There is a risk that even if a BCP is written, and even if it is tested occasionally, the plan will become outdated as key supervisory activities and critical processes change and evolve. People, systems and processes come and go, so the BCP needs to be updated. It should therefore be reviewed annually. Any weaknesses should be corrected, and an updated plan distributed to all pertinent staff.

Regular testing, learning lessons and amending the BCP accordingly should also keep the plan fresh and provide a cultural context in which the importance of the BCP is emphasized. This can be reinforced by actively soliciting input and feedback from staff, and from asking departments to review aspects of the plan that are relevant to them.

References

Joint Forum. High-level principles for business continuity. August 2006.

https://www.bis.org/publ/joint17.pdf

Toronto Centre. Risk-Based Supervision. March 2018.

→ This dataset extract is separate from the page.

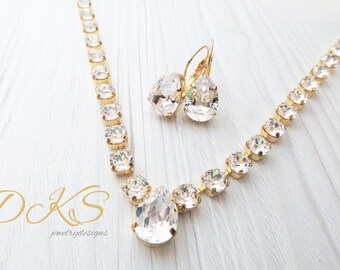 Beautiful Pear, Finest Crystal, Bridal Necklace, Crystal Clear, 14X10 Pear, 6mm Rounds, Adjustable ,DKSJewelrydesigns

https://www.torontocentre.org/index.php?option=com_content&view=article&id=82:risk-based-supervision&catid=10&Itemid=101

Toronto Centre. The Development and Use of Risk Based Assessment Frameworks. January 2019.

https://www.torontocentre.org/index.php?option=com_content&view=article&id=86:the-development-and-use-of-risk-based-assessment-frameworks&catid=10&Itemid=101

Toronto Centre. Crisis Binder: An Essential Tool for Crisis Preparedness. October 2019.

https://www.torontocentre.org/index.php?option=com_content&view=article&id=87:crisis-binder-an-essential-tool-for-crisis-preparedness&catid=11&Itemid=101

Toronto Centre. Ten Issues for Supervisors During Crises. April 2020. https://www.torontocentre.org/index.php?option=com_content&view=article&id=99&Itemid=99

 

 

[1] This Note was prepared by Clive Briault.

[2] See for example Joint Forum (2006).

[3] Toronto Centre (2019b) describes the contents of a crisis binder and the activation of crisis management.

[4] Toronto Centre (2020) discusses how supervisory activities should be prioritized in the event of a major incident.

[5] See Toronto Centre (2018) and Toronto Centre (2019a).

[6] Toronto Centre (2020) discusses such prioritisation issues in the context of the Covid-19 outbreak.

[7] It is not necessary for the BCP itself to list every contact number. But they should be available to HR and to management chains. In some organizations in some countries, this has been a problem because some staff have objected to their home and personal mobile numbers being held by their employer.